Technology certainly changed the way we operate here at the newspaper now from how we operated when I started here in 1984.
For one thing, the number of people it takes to produce the weekly newspaper dropped as a result of speed.
When I started, a composing department included folk who made up ads using clip art, typesetting machines, paste-up boards and wax. Pica poles and X-Acto knives were tools of the trade. The department also included a day typesetter for news copy and some ad copy, and me, the night typesetter.
Back then, some of us worked through the nights Monday and Tuesday to get the paper hand-delivered to the printer by 5 a.m. Wednesday.
We used Compugraphic typesetting and photosetting machines — at that time a crucial advantage to newspapers in cost-effectiveness and speed over the previous hot-type method.
The screen on the typesetting machine was small.
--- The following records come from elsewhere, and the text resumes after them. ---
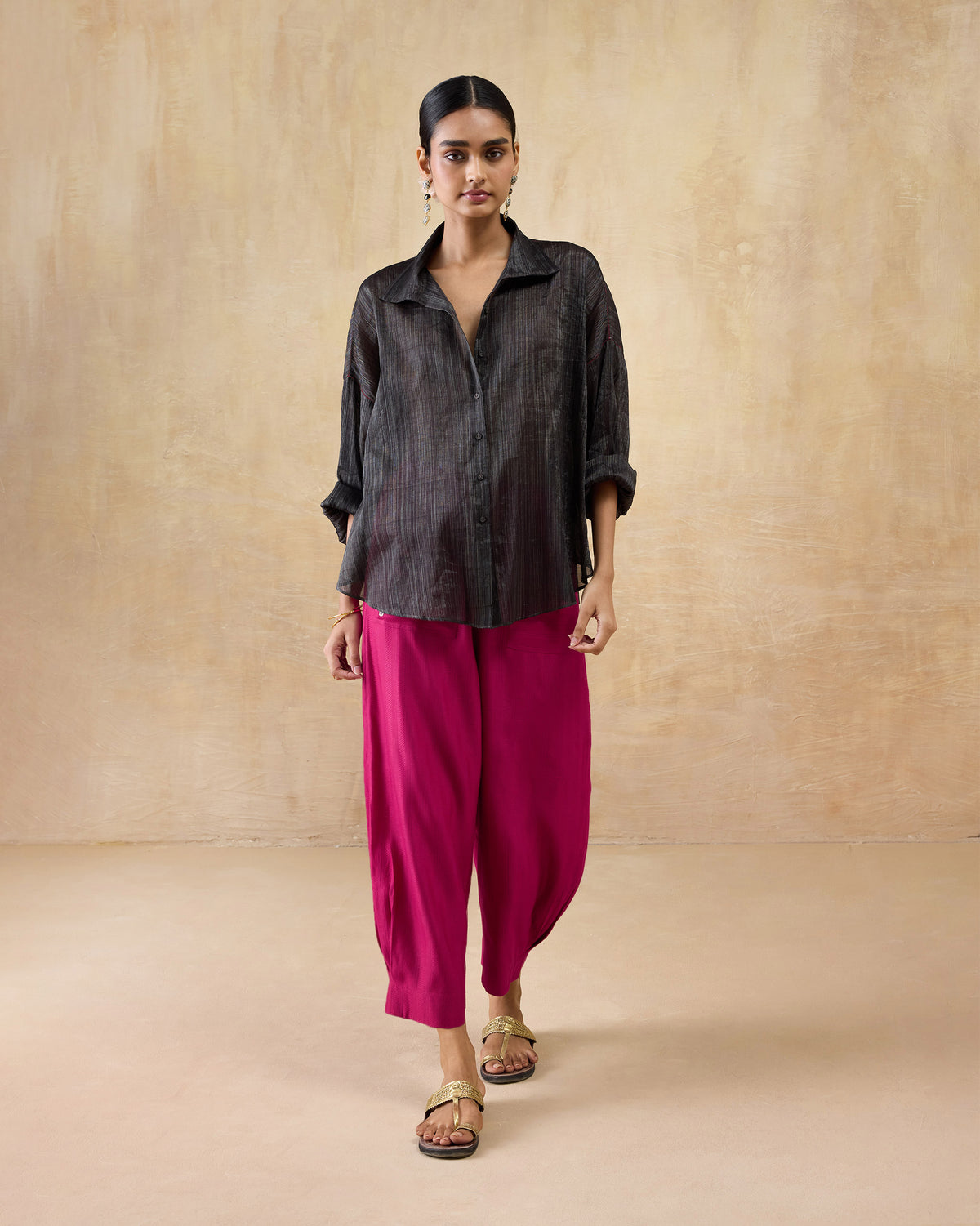 Firefly Shirt - Metallic Tissue Loose Fit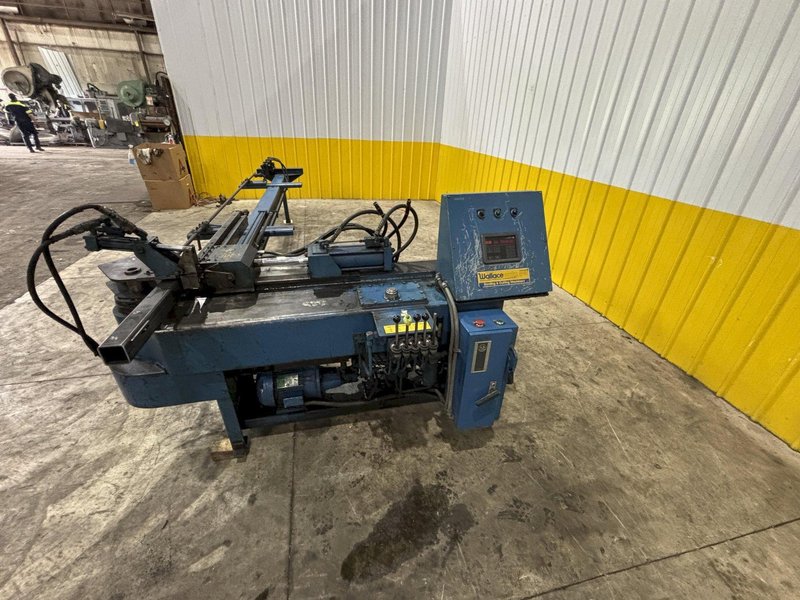 2&quot; WALLACE MODEL #1002 PROGRAMMABLE HYDRAULIC PIPE &amp; TUBE BENDER: STOCK #23183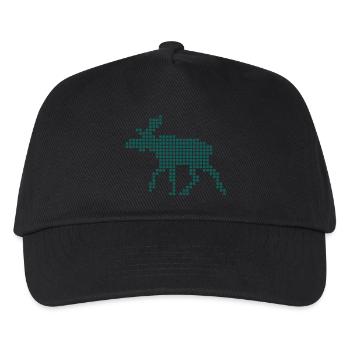 Pixel Elk - Casquette de baseball Enfant - noir - Devant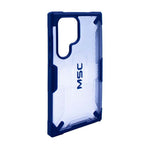 Supa Fly MSC Granite Case Samsung Galaxy S24 Ultra - Clear / Blue - Blue / Clear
You could only see a few words at a time so your errors showed up later. This created punched tape — impossible to read — fed into a large machine that produced type on light-sensitive paper. The paper was then taken to the darkroom and run through a developer onto paste-up paper. Then, someone would proof your errors and these would be fixed by requiring the retyping of that one line again.
We worked in the two stone buildings to the west of Creekstone Inn, the composing, front desk, darkroom and bookkeeping in the east building; editorial, circulation and paste-up in the west building.
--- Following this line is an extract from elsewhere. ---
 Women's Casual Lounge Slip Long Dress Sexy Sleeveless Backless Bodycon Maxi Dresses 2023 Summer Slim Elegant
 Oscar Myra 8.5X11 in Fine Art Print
I worked there for about a year and then returned in 1987 as the front-desk person in charge of answering phones, classifieds, service directory and legals. Then, the co-publisher died a month later and by summer, the business was sold.
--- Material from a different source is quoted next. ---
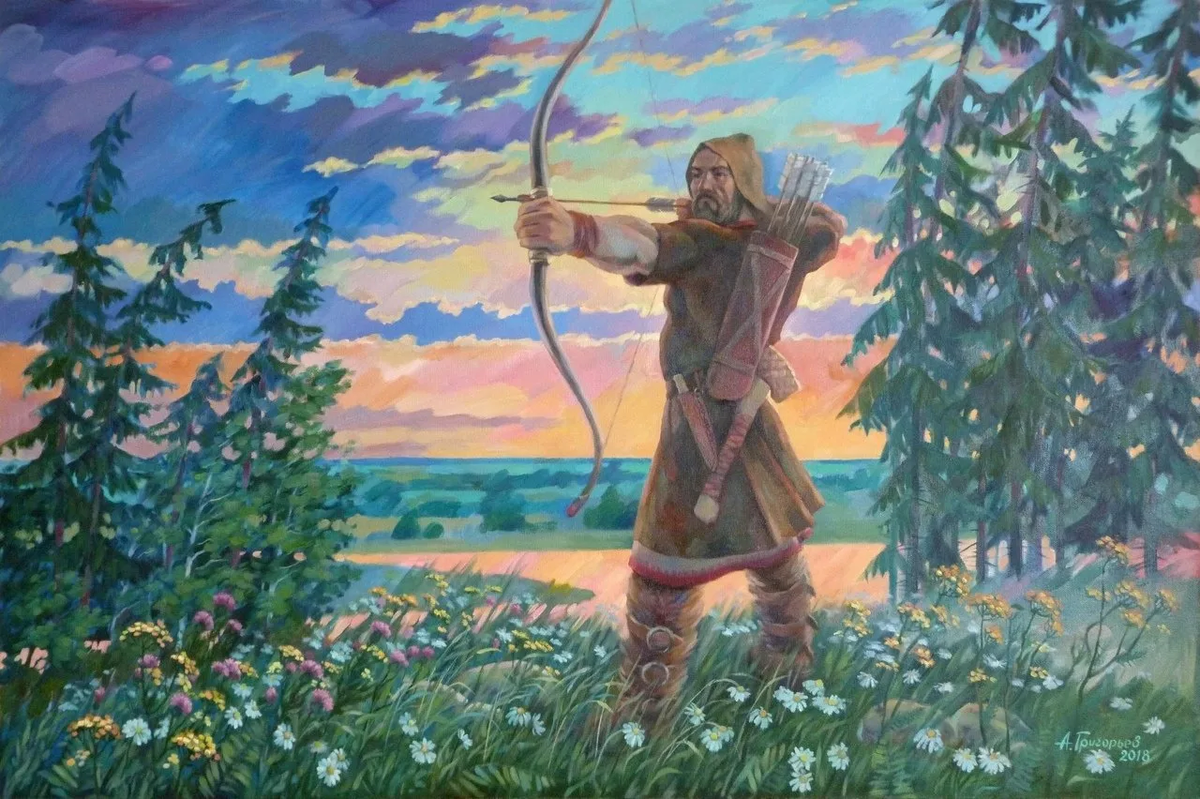 Финно-угорские воины в представлении художника.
New owners brought in the first commercial Apple computers, I was sent to Pennsylvania to train and when I returned, operations were now in the computer age and we were off.
Compared to today, those original programs and computers were primitive. The mouse was a clutzy thing, the monitor displays were in black and white, and were limited in graphics, and storage capacity was laughable. A megabyte seemed enormous to us.
But none of us could see the future and we still can’t. So, we were thrilled with the capabilities compared to what we had before.
We didn’t know that advancements would eventually allow the paper to be sent to the printer via something called the internet. That we would be able to “build” pages without our trusty X-Acto knives and wax. Ironically, we had a Town Crier website as early as 1995.
Even as late as the early 2000s, we were still “pasting up” the newspaper, and driving it down to the printer in Riverside late, late Tuesday or very early Wednesday, then waiting until it was printed to load it into the truck and drive it back.
Now, the paper is to the printer before 3 p.m. Tuesday. These printer deadlines would never have worked in the old days for TC staff but even the printer’s technology is computerized and far more advanced than before.
As we speak, a bunch of eggheads are out there now creating advancements we would never dream of that will change how we publish the Town Crier even next year. Right now, Jack’s just content with the little trailer and I’m happy the network didn’t crash.